Currently, there seems to be developing attention to the exploration of the efficiency of machine learning (ML) methods for improving IoT security [79]. ML methods vary in their computational and efficiency necessities. For instance, few supervised models have high memory and central processing unit (CPU) necessities while their training stage since it demands low resources once applied in comparison to unsupervised learning model [10]. When ML methods are utilized for enhancing the network’s security they are performed on conventional networked devices and they are specially placed in order to safeguard the IoT architecture.

In contrast, DL has obtained lots of momentum in the past few years as it was utilized for solving, with a growing extent of precision, distinct issues, that were generally solved by conventional ML methods, namely prediction, recession, classification, and son on [11]. Actually DL includes a group of well-known ML methods on the basis of artificial neural networks permitting one to experiment with the information processing of biological nervous systems comprises of multiple perceptron’ layers [12]. Governing security difficulties in another network includes 3 broad approaches such as detection, mitigation, and prevention.
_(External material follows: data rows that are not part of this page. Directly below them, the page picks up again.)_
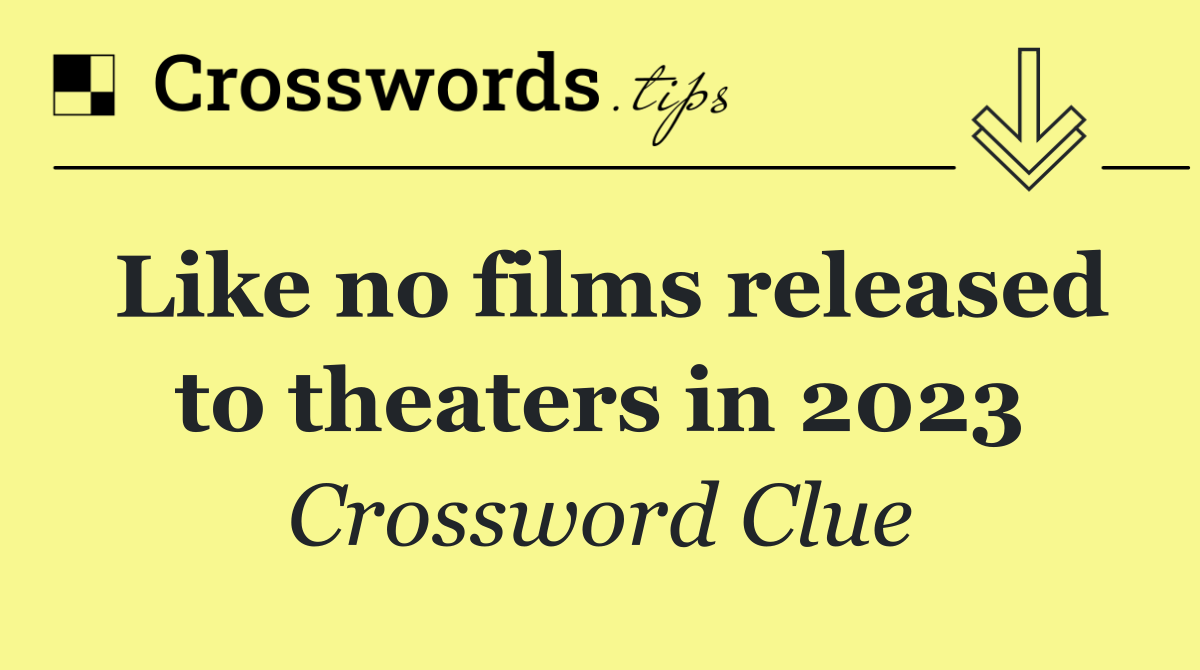 Like no films released to theaters in 2023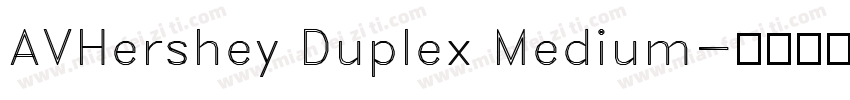AVHershey Duplex Medium字体转换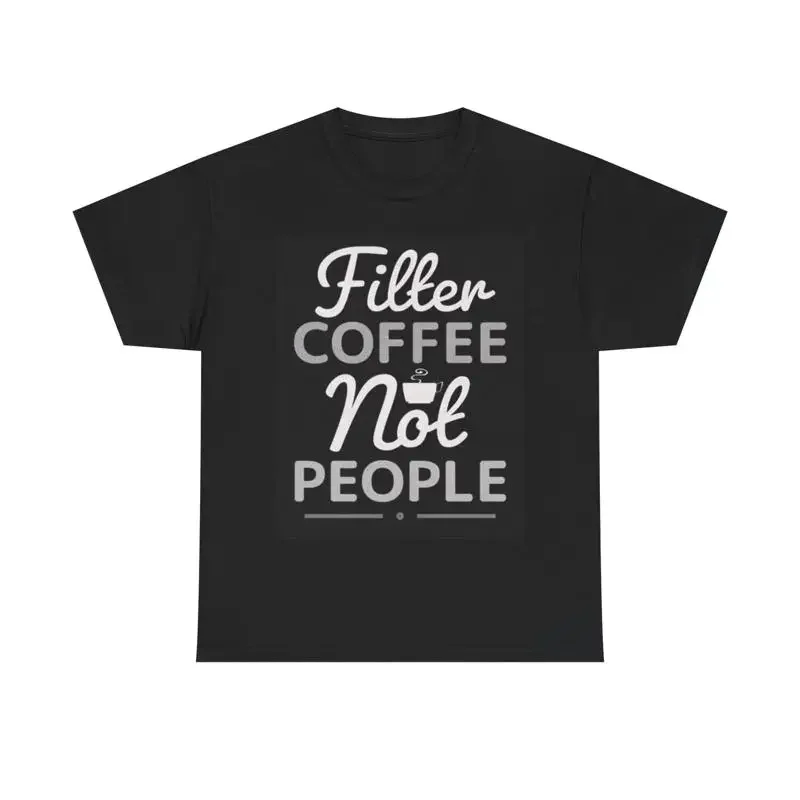 Filter Coffee Not People T Shirt Funny Dunkins Heavy Cotton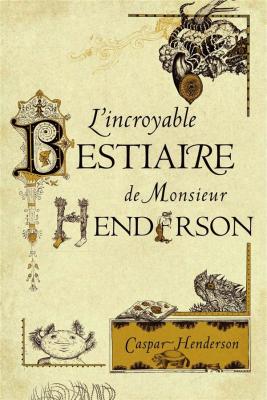 l-incroyable-bestiaire-de-monsieur-henderson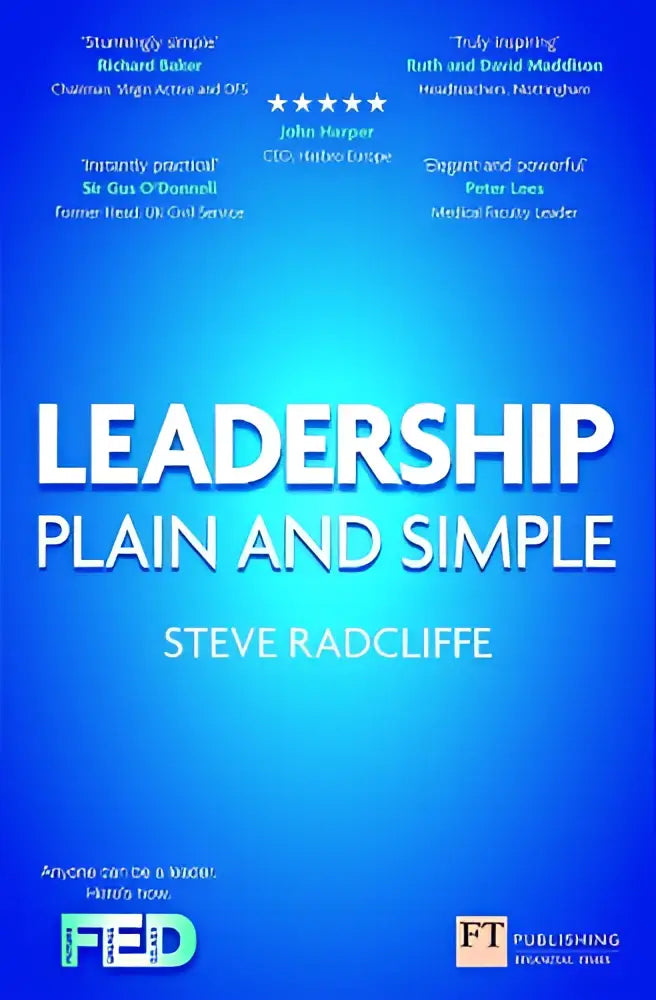 Blauw boek met witte tekst leadership plain and simple van steve radcliffe met aanbevelingen van bekende figuren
All the three mentioned measures must be adopted for successful security solutions for IoT networks. For the scope of this work, we aim at Intrusion Detection Systems (IDS) and assume DL related IDS for classifying and identifying network traffic inside an IoT environment [13].

This paper presents novel metaheuristics feature selection with fuzzy logic enabled intrusion detection system (MFSFL-IDS) in the IoT environment. The presented MFSFL-IDS technique employs data pre-processing to transform the data into useful format. Besides, henry gas solubility optimization (HGSO) technique is applied as a feature selection approach to derive useful feature vectors. Moreover, adaptive neuro fuzzy inference system (ANFIS) technique was utilized for the recognition and classification of intrusions in the network. Finally, binary bat algorithm (BBA) is exploited for adjusting parameters involved in the ANFIS model. A comprehensive experimental validation of the MFSFL-IDS model is carried out using benchmark dataset and the results are assessed under distinct aspects.

2  Literature Review

In this section, a detailed survey of recently developed approaches for intrusion detection classification in IoT environments is provided. Nguyen et al. [14] presented real guard and deep neural network (DNN)-based network IDS (NIDS) operated directly on local gateways for protecting IoT gadgets. The advantage of the presented method is that it could precisely identify cyberattacks in real time with a smaller computation footprint. It can be accomplished by a light weighted feature extraction method and an effectual attack detection system powered by deep neural network. In [15], introduce a hybrid ML method using extreme gradient boosing (XGB) with random forest (RF) called XGB-RF for identifying intrusion attacks. The presented model was employed for the N-BaIoT data comprising hazardous botnet attacks. The RF has been utilized for selecting the features and XGB technique was utilized for detecting various kinds of attacks on IoT environment.

In [16], introduced a hybrid mechanism of shallow learning and DL to identify the intrusion in the IoT device. Firstly, the presented method with spider monkey optimization feature selection model search for selecting key features. In [17], proposed an ensemble-based IDS. In the presented method, DT, logistic regression (LR), and Naïve Bayes (NB) were deployed by voting classification afterward analyzing model efficiency with modern technologies. In [18], proposed a new a distributed combined DL-IDS for the Internet of Vehicles (IoV) based on Apache Spark architecture regarding the problem. The cluster integrates DL based convolutional neural network (DL-CNN) and long short term memory (LSTM) models for extracting features.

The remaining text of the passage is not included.